### What is being asked
Leaving out all pictures, return exactly the lines from the one that contains "Samsonite Spectrolite 4.0" through the end of the data below.
----- Recorded data -----
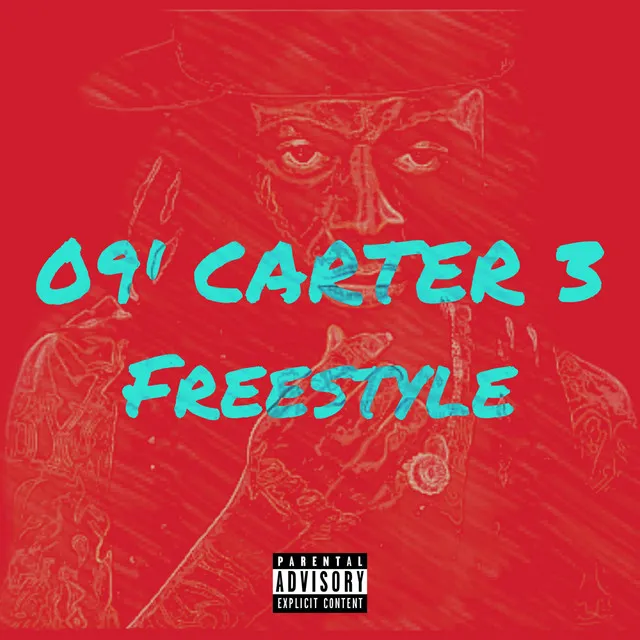 09' Carter 3 Freestyle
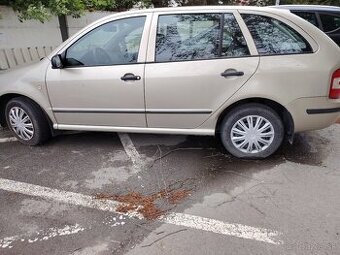 Škoda fabia combi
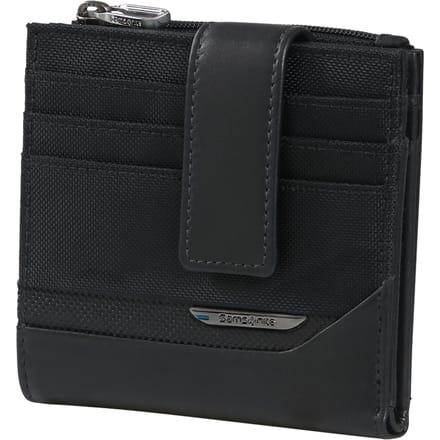 Samsonite Spectrolite 4.0 Slg Portemonnee Zwart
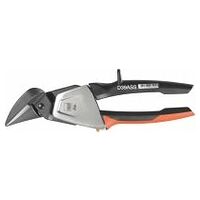Ideal snips with 2-component handle  230 mm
-----
### Written solution
 Samsonite Spectrolite 4.0 Slg Portemonnee Zwart
Ideal snips with 2-component handle  230 mm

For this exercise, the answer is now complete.